Data section >>
>>>>>

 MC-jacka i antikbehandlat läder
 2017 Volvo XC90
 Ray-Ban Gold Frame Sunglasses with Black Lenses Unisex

<<<<<

Instructions for the task >> Exactly as they appear, output the line holding "2017 Volvo XC90" and all lines after it through the end of the listing above, and only those.

Response >>
 2017 Volvo XC90
 Ray-Ban Gold Frame Sunglasses with Black Lenses Unisex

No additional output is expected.